An exclusion fencing project near Binya, in the lower Riverina district, is keeping feral animals out of the habitat and encouraging the return of glossy black cockatoos.

William Kite counted 18 black cockatoos in one tree at a dam on his property at Pleasant Valley in January this year.

The impressive numbers come after feral rabbits, goats and pigs were fenced out of the endangered buloke (Allocasuarina luehmannii) woodlands under a native vegetation management project.

The $24,000 project issupported by Local Land Services, through funding fromthe Australian Government’s National Landcare Program and NSW Saving Our Species.

Project Manager, Ron Kocaj of Local Land Services said exclusion fencing was keeping feral pigs on the higher slopes of the cleared farming country and protecting the native vegetation communities.

“The buloke woodlands of the Riverina and Murray-Darling Depression Bioregions are listed as a threatened ecological community by the Australian Government,” Mr Kocaj said.

“This project has allowed us to protect and manage a significant glossy black cockatoo habitat area within a shrinking native landscape.

“The dam at Mr Kite’s property is now the most-visited watering place recorded for glossy blacks in the local area.”

During the annual Lachlan Fold Wildlife Action Group’s glossy black cockatoo bird count last year, 19 birds were counted at the dam in one day.

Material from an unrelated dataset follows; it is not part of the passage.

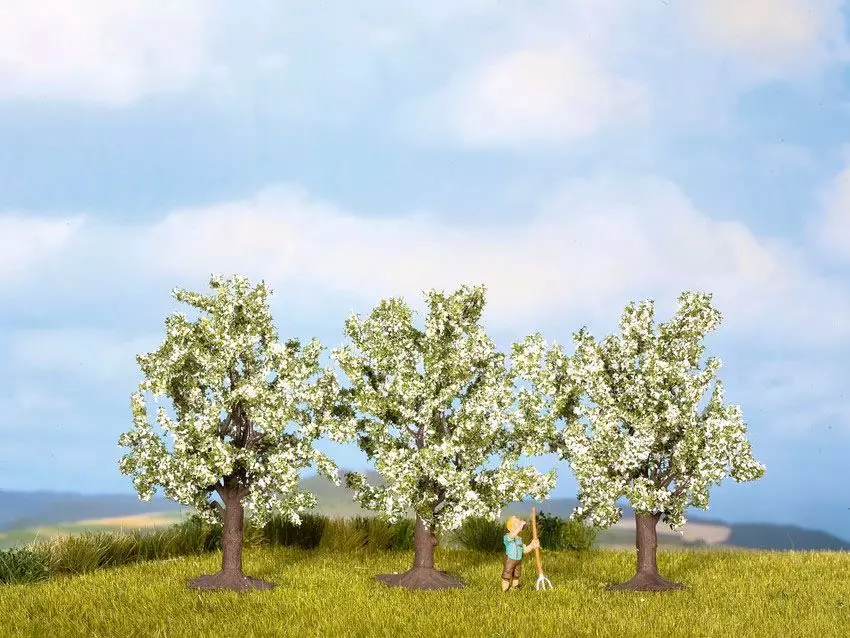 Noch 25111 - Obstbäume weiß blühend, 3 Stück, 8 cm hoch H0 1:87/TT 1:120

Under the project, Mr Kite has also been able to keep domestic stock from grazing in the native vegetation communities.

“This fencing means the land can be managed within its capability and the ecosystem functions of the property can improve,” Mr Kocaj said.

“Now that pigs and goats don’t have access to stored runoff water in this area, they have moved on and are causing less damage to this important woodland.”

By enhancing and protecting landscapes, this project supports the implementation of the Riverina Local Land Services’ Strategic Plan.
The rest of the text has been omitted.